▶ **Task item**: Could you output each line below exactly as it appears, excluding any pictures?

▶ **Collected data**:
§ §

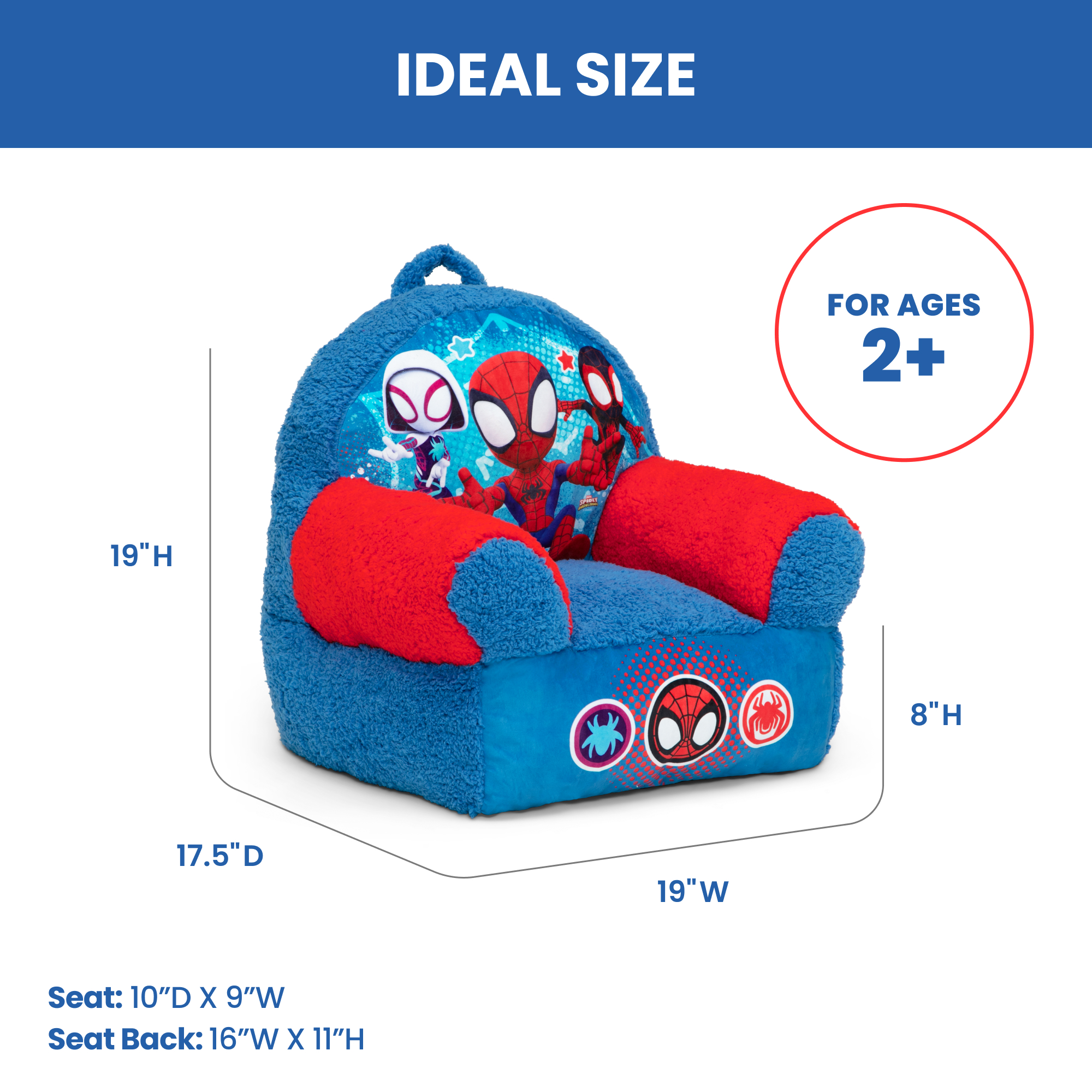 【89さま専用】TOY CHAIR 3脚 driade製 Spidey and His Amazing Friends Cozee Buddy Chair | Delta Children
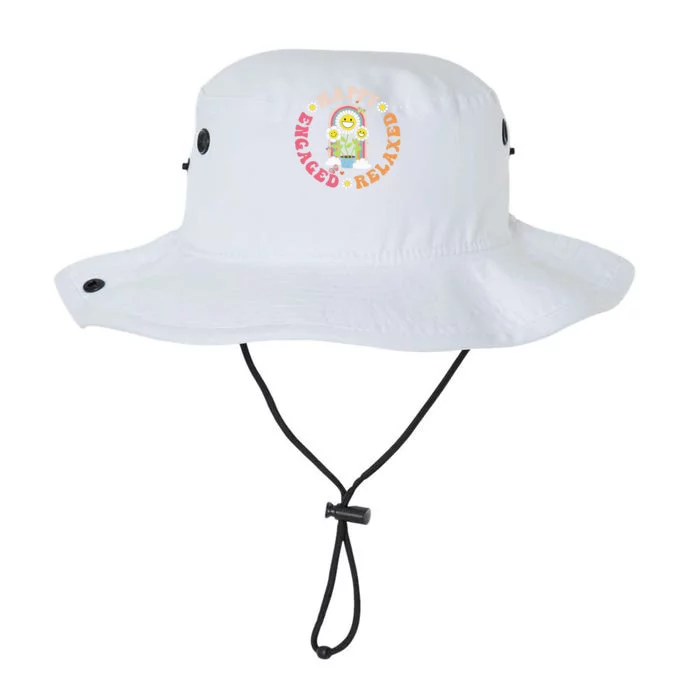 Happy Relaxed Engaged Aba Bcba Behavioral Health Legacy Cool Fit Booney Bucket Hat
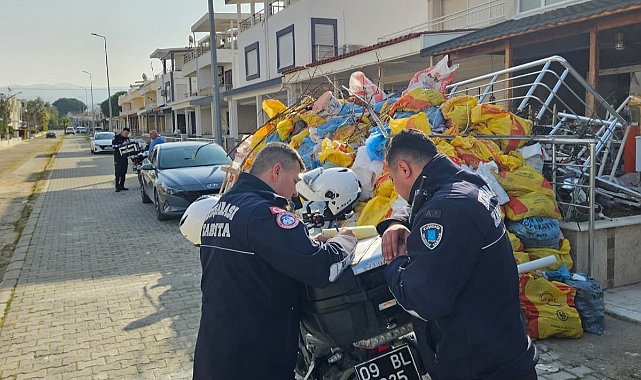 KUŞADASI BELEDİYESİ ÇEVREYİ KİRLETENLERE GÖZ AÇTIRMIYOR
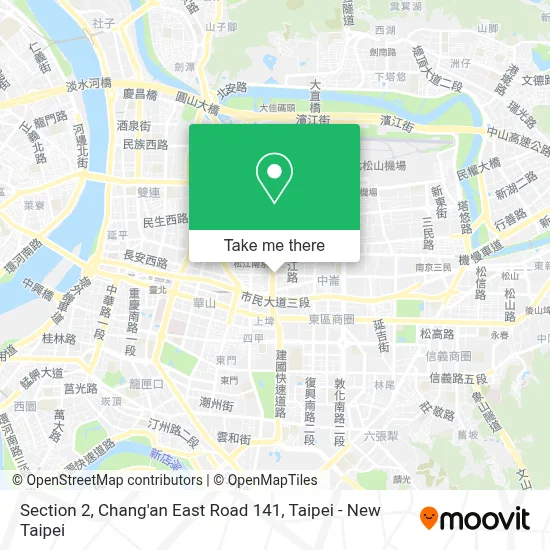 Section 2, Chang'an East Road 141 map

§ §

▶ **Output**:
 【89さま専用】TOY CHAIR 3脚 driade製 Spidey and His Amazing Friends Cozee Buddy Chair | Delta Children
 Happy Relaxed Engaged Aba Bcba Behavioral Health Legacy Cool Fit Booney Bucket Hat
 KUŞADASI BELEDİYESİ ÇEVREYİ KİRLETENLERE GÖZ AÇTIRMIYOR
 Section 2, Chang'an East Road 141 map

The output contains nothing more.